Sorting objects into groups.

When, Where and How?
The key is to weave activities into your daily routine. Here are a few activity ideas that don't require much extra time...just a little effort.
Go for a walk and count the number of red cars or trucks you see. Observe and talk about what makes them different.

As you use items at home, such as mixing bowls or towels, comment to your child about their sizes. Use words like small, medium and large, bigger and smaller, lighter and heavier.

Give your child some items of different sizes to arrange-sets of measuring spoons or plastic mixing bowls will work. Also let your child help sort and fold towels and washcloths from the laundry.

While grocery shopping, note the aisle numbers you visit and count the number of people in the line ahead of you at the register.

Play with numbered refrigerator magnets and name them. Find things to match to the numbers: one nose, two eyes, five fingers.

Teach your child your telephone number and have them match the numbers.

Have your child sort silverware when putting them away.

Let your child play with plastic measuring cups in the tub at bath time.

Keep it positive! Show an interest in numbers and shapes, and your child will too. Praise your child for effort made.

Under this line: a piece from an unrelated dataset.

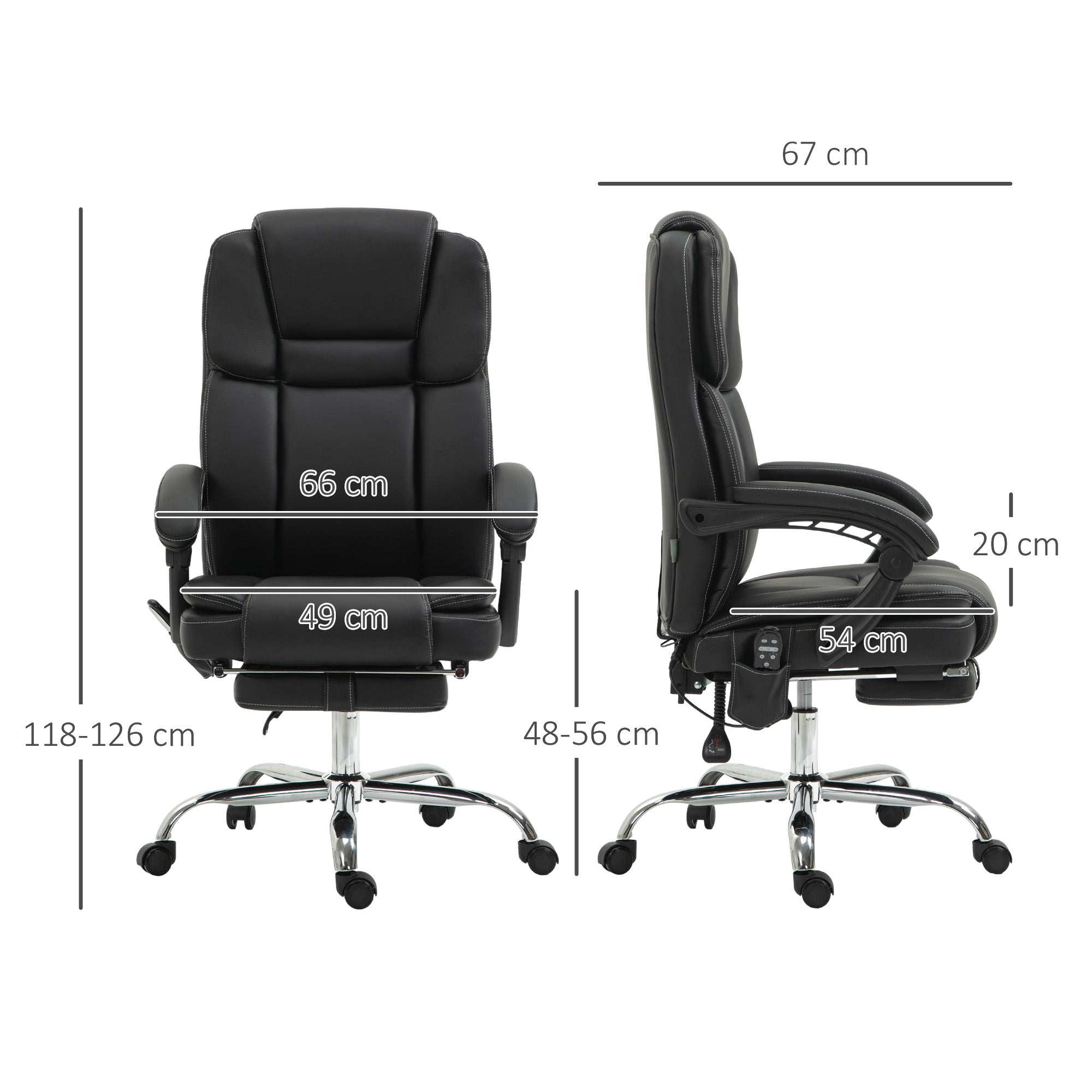Vinsetto Six Point Vibrating Massage Office Chair - Black - anydaydirect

Tip 2 Don't push! Never drill your child or put him or her on the spot for answers. Provide information and play along to show your child how.

Tip 3 Talk about it as your child plays, observe what he or she is doing and talk about it. Answer questions or ask some of your won and you will both learn.

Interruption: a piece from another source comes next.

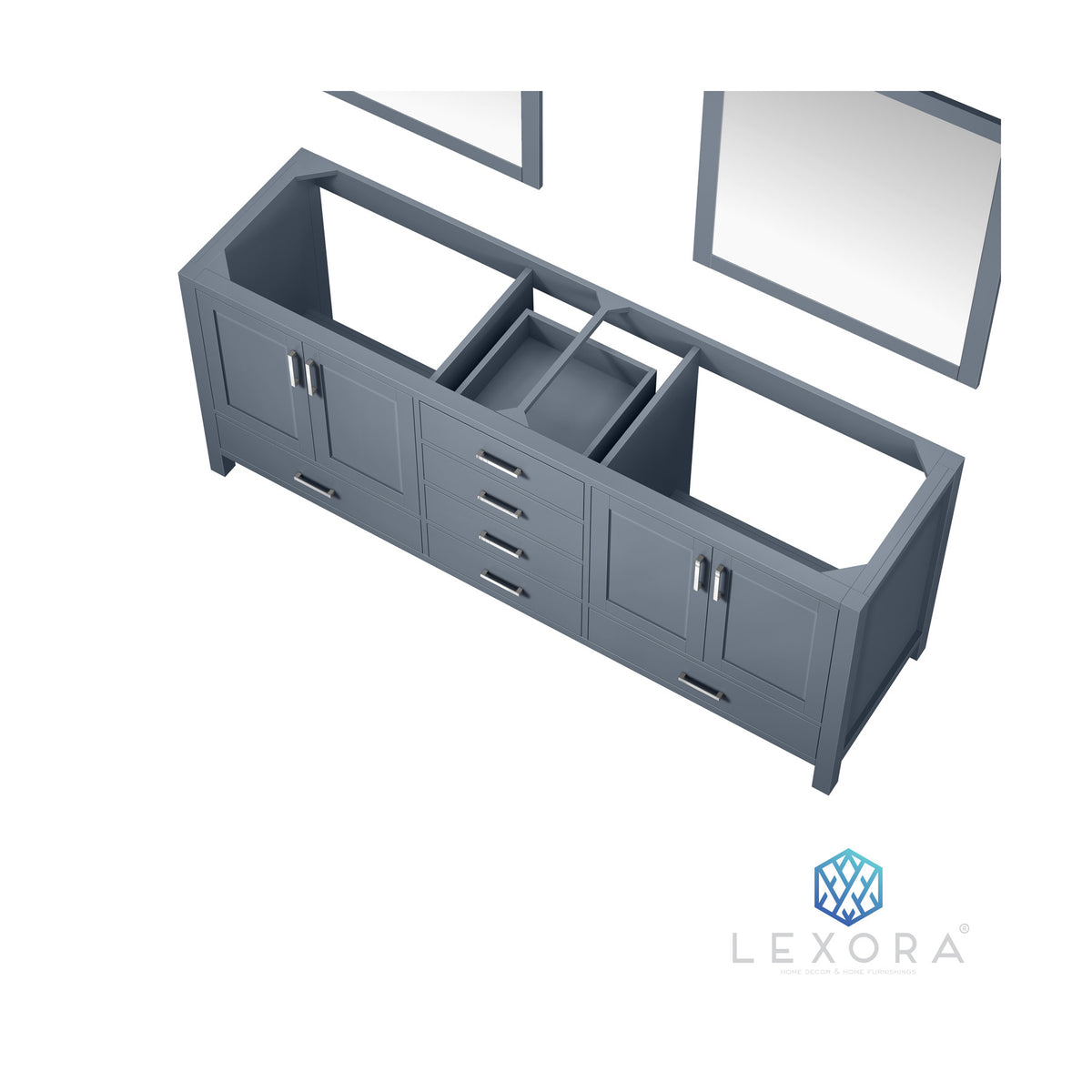 Jacques 80" Dark Grey Double Vanity, no Top and 30" Mirrors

Tip 4 Follow your child's lead. If your child loses interest in doing something your suggest, stop for now and try something new.

Thursday, April 1, 2010

Unit 5 books we will be reading

The following is a list of books we will be reading while learning about shadows and refelctions;

Play with Me by, Marie Hall Ets

The Puddle Pail by, Elisa Kleven

Kitten for a Day by Ezra Jack Keats

Raccoon on His Own by Jim Arnosky

Clap Your Hands by Lucinda B. Cauley

Night Shift Daddy by, Eileen Spinelli

Fun With Shadows by Sharon and Jeff Siamon and Cynthia Benjamin

Dreams by Ezra Jack Keats

Unit 5 home ideas

For unit 5 we will be reading books and talking about shadows and reflections. We hope you'll take some time to notice shadows and reflections and talk about them at home, too.

The following activities are things you can do to help your child learn. Please try to complete some of the activities. The activities can be done in any order that works for your family.

Thought for the month:
Children learn about language through conversations. How much are your talking with your child?

Sit still together and observe birds or other animals. Talk about what you see.

On a sunny day, play with a small mirror indoors. Show how it can reflect light.

Observe an ant or other insects closely. Talk about what it looks like and what it's doing.

Play Simon Says. Use animal movements. Hop like a grasshopper and swim like a fish.

On a sunny day, place a plant or other interesting shapes on the windowsill. Use paper and a crayon to trace the shadow shape it casts.

Turn off the lights and play flashlight tag. Use two flashlights, name an object and see who can hit it first with a flashlight beam.

Look at clouds together and talk about the shapes you see.

Have your child hunt for shinny things in your home. Talk about how well you can see your reflection in them.

Look in a mirror together and ske your child to describe what he or she see. Talk about shapes, colors, and how many.